Philippines Is Top Housing Rights Violator

Jan. 02, 2007

Poverty, hunger, violent demolitions, and lack of social services and basic utilities continue to plague the urban poor. And things are getting worse. In fact, the Philippines was adjudged by the Geneva-based Centre on Housing Rights and Eviction (COHRE) as one of three recipients, together with Nigeria and Greece, of the Housing Rights Violator Award for their systematic violation of housing rights and continued failure to abide by their international legal obligations.


TONDO, Manila Watch your step when you go to Baseco, one of seven barangays in this municipality. Its 18 kms. of sand and seashells in what used to be a shipyard off the shores of Manila Bay is probably the worlds biggest toilet.

When Bulatlat visited this community early afternoon of Dec. 21, five little boys and girls squatted on the sand to defecate. As night falls, residents here say, teenagers and the elderly do the same. Pag dilim nakapila na kami dyan, (At night, we are lined up there), an elderly man said pointing to the shore.

The place was named after the Bataan Shipping Corp. (Baseco), the company that used to operate here. It is now home to about 70,000 urban poor dwellers, one of the biggest slums in the country. The government used garbage from the Smokey Mountain dump site to reclaim the area in 2000.

The people live in shanties made of old tolda (plastic sheet) and bamboo poles. The luckier ones made use of wood scraps brought by the waves during high tide. And, needless to say, not a single home has a toilet.

Residents pay for bathing and drinking water at P12 ($0.24 at an exchange rate of $1=P49.195) per container. The price goes up to P15 ($0.30) per container during summer. “Pag walang pambili ng tubig, sa balon na lang kami kumukuha ng pang-inom, sa dagat na lang maliligo” (If we have no money to buy water, we get drinking water from the open well and bathe in the sea), says Gregorio Apiag, 52. Bulatlat chanced upon him as he was scavenging for plastic bottles and tin cans along the shore.

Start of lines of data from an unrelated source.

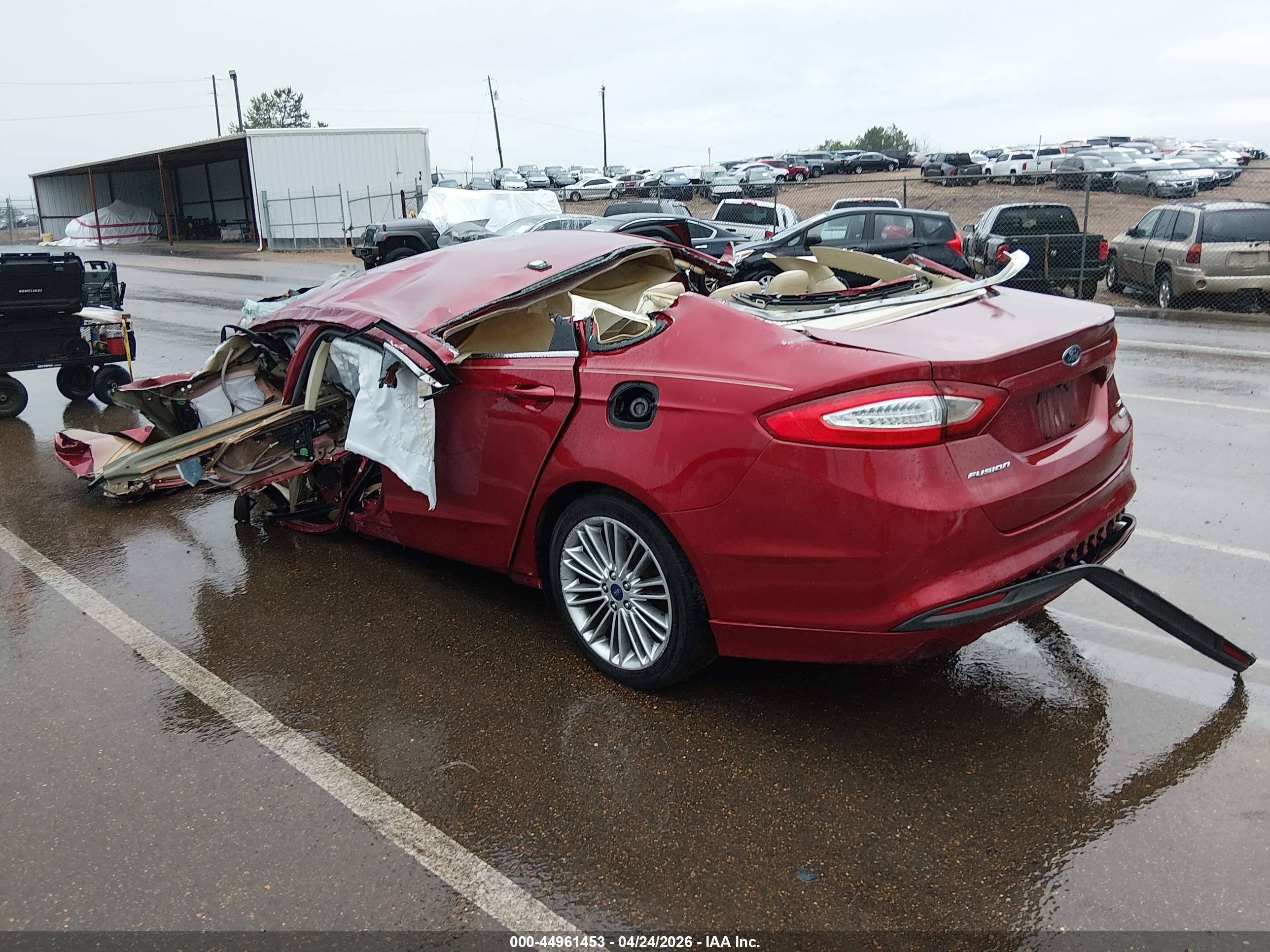 2015 Ford Fusion Se Burgundy vin: 3FA6P0HD1FR135046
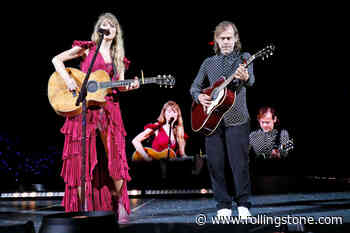Taylor Swift Brings Out Aaron Dessner for Live Debut of ‘The Great War’ at Tampa Bay Show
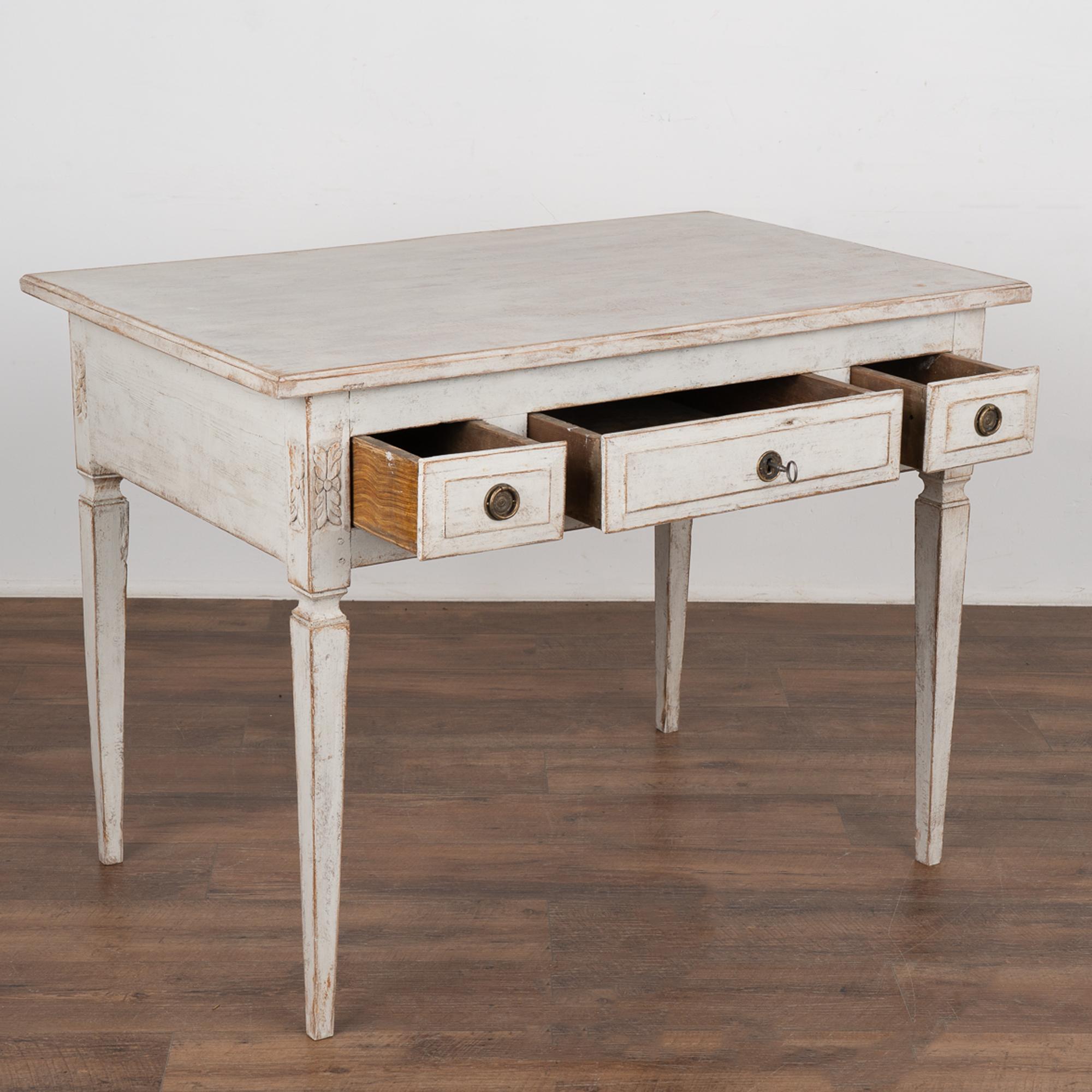 Swedish White Gustavian Side Table with Three Drawers, circa 1820-1840 In Good Condition In Round Top, TX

Baseco has been Apiags home since 1984 when he left his native town in Digos, Davao del Sur to look for a better life in Manila. He was a former security guard but lost his job in 1998 after an accident that crippled his left leg. He sold whatever he was able to gather at P50 ($1.01) per kilo in a nearby junkshop. “Pag sinuwerte dalawang beses ako kakain sa isang araw,” (When Im lucky I could eat twice a day) he said as he excused himself to get back to work.

Mary Dano, 44, came from the island province of Bohol in Central Visayas. She and her husband, Alec, traveled to Manila in 2000 to look for their son who left home to look for a job in the city. She ended up as a housemaid but lost her job after three months due to myoma.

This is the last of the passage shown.